A “trespasser” under the act is a person who enters or remains on the land of another without the landlord’s consent. C.R.S. § 13-21-115(5). If Plaintiff qualified as a “trespasser” under the Act, ABM would only be liable for the injuries that ABM “willfully or deliberately” caused. C.R.S. § 13-21-115(3)(a).
Plaintiff argued he was a licensee and maintained consent to enter the lot could be implied because there no signs prohibiting non-paying customers from entering or trespassing. Plaintiff further argued consent was implied from the way the parking lot was situated in relation to an adjoining restaurant, which opened to the parking lot, making it necessary to cross the lot to get into the restaurant. Plaintiff also argued consent was implied because during street festivals, the lot is open to everyone. Plaintiff did not allege that ABM willfully or deliberately caused his injuries.
ABM disputed that consent could be implied from the circumstances presented. Mr. Coberly argued Plaintiff was not attending a street festival or patronizing the adjoining restaurant and that Plaintiff could have taken an alternate public route to get to his friend’s apartment without trespassing through the ABM lot. Mr. Coberly further argued that summary judgment should be granted because Plaintiff was a trespasser and had not alleged ABM willfully or deliberately caused his injuries.

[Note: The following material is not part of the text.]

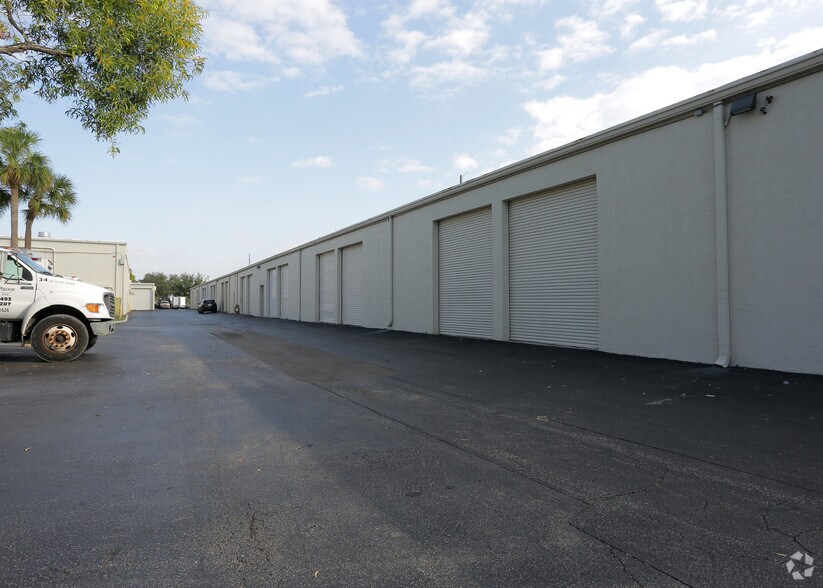 205-279 Goolsby Blvd, Deerfield Beach, FL à louer - Photo du bâtiment - Image 2 de 41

The Court agreed with Mr. Coberly and ABM. While there may have been implied consent for street festival attendees and patrons of the adjoining restaurant, the Court found the implied consent did not extend to Plaintiff because he was not attending a street festival or visiting the adjoining restaurant at the time of the slip and fall. Importantly, the Court held an entrant’s use of the lot must bear a relationship to the circumstances giving rise to the implied consent to enter the lot in order for the entrant to qualify as a licensee. Since there was no implied consent for Plaintiff (or other pedestrians) to use the lot as a shortcut or a general route of traverse, the Court found Plaintiff was a trespasser at the time of the incident. Because Plaintiff was found to be a trespasser when he fell and no willful or deliberate conduct was alleged, summary judgment was appropriate.

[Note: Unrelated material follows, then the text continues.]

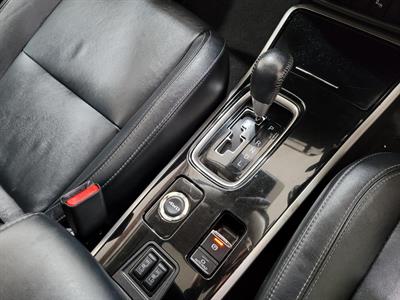 2021 Mitsubishi Outlander - Thumbnail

This is an important case that stands for the proposition that a plaintiff who is injured while crossing the land of another as a means of egress, rather than for the purposes of patronizing their establishment, may qualify as a trespasser. In such a case, the landowner would only be liable to the trespassing plaintiff for injuries it willfully or deliberately caused. However, the Court’s decision did suggest that had plaintiff been patronizing the adjoining restaurant, the restaurant may have owed plaintiff a duty under the Act, even though the restaurant did not own, lease or occupy the parking lot where the allegedly defective condition existed. Therefore, where there may be implied consent to use a parking lot or a part of a neighbor’s land to enter an adjoining establishment, the adjoining landowner may owe a duty of reasonable care to warn its patrons of dangerous conditions of which it is aware of on their neighbor’s land.